> reversing commit hashes back into their contents Somewhat off topic, but is th...

pshc · on Feb 25, 2017

It doesn't sound possible for all but the most trivial diffs. An attacker would have to guess not only the exact commit text, but also its timestamp. And the only attack scenario I can conceive of seems pretty silly. Maybe I'm missing something...

Alice clones an open source git repo, commits one secret change where she edits a config file's default password to her own secret password (a bad practice), and then publishes the new hash in public for some reason (build info?). Mallory would have to (a) know that exactly this happened, (b) guess the commit message, (c) guess the commit's timestamp to the second (or within a few seconds), and (d) preimage-attack her password.

And the preimage attack must pierce git's Merkle tree, which sounds downright impossible. (Unless Mallory is just bruteforcing, in which case a strong password is enough.)

usrusr · on Feb 26, 2017

Most commits are not just text, they are source code. If you had a feasible way to enumerate all the byte sequences that collapse into a given hash value, you might find the subset that is syntactically correct code to be very low. Except if it's Perl, of course.

And the likelihood of all the characters aligning in a way a compiler might find acceptable gets lower with every increase in length of your collisions, so it would be extremely unlikely that the shortest nontrivial match (for both the hash and for code sanity) would not be the right one. The code constraint certainly would not make it easier to find the collision in the first place, but it would give you great confidence in the result of you did.

hueving · on Feb 25, 2017

No, you're correct that for large inputs there are obviously going to be many that lead to the same hash (see pigeonhole principle).

x1798DE · on Feb 26, 2017

This is presumably true also of small inputs, given that the large and small inputs are all mapping to the same space.

hueving · on Feb 26, 2017

Well not necessarily true for small inputs. Hash a single byte for example. There is no collision in sha1 for that so you can build a 1:1 mapping of hashes back to input examples for that case.

But yeah, as the input size approaches the output size, the probability of a collision existing gets to 1. The birthday paradox formula will give the probability of a collision (assumes random placement in output space) based on number of inputs.

x1798DE · on Feb 26, 2017

> Well not necessarily true for small inputs. Hash a single byte for example. There is no collision in sha1 for that so you can build a 1:1 mapping of hashes back to input examples for that case.

I suppose you are saying that if you know that the input size is sufficiently small, you don't have to worry about collisions, which is true. I was interpreting "for small inputs" to mean that if you give a small input to a hash function (which can take inputs much larger than the space of the output), that you can still reconstruct the small inputs uniquely. Unless the hash function is deliberately designed to provide unique 1:1 mappings for small inputs, I would think that it's not true that you can uniquely reconstruct small inputs because they will likely map to the same value as a large input would (i.e. 'a' might hash to the same value as some 14821-byte string).

bascule · on Feb 25, 2017

Yes this is possible. It's called a preimage attack:

https://en.wikipedia.org/wiki/Preimage_attack

It's computationally infeasible against most cryptographically secure hash functions. However, Grover's algorithm results in a sqrt(keyspace) reduction in security levels (effectively halving bit-sized security levels):

https://en.wikipedia.org/wiki/Grover's_algorithm

AgentME · on Feb 25, 2017

A successful preimage attack against a cryptographic hash would most likely find you a different message that gets you the same hash. You wouldn't do a preimage attack to find what the original input to create a hash was. You would do a preimage attack to find a new input with the same hash so that you could pass this new input around claiming it was the original (and have any signatures for the old input be valid for your new input, etc).

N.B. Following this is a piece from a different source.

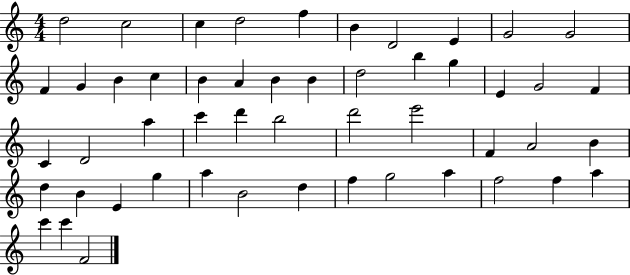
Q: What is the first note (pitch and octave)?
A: D5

oleganza · on Feb 26, 2017

What you described is called "second preimage attack", that's != "first preimage attack".

AgentME · on Feb 26, 2017

In a second preimage attack, you start with an input that comes out to a hash, and you're tasked with making a distinct input that comes out to a hash.

In a first preimage attack, you start with only the hash, and have to come up with an input from scratch that comes out to that hash. Even in a first preimage attack, you're extremely unlikely to craft the same input that someone else used to create the hash you were given. By pigeonhole principle, the number of inputs that come out to a shorter hash is extreme.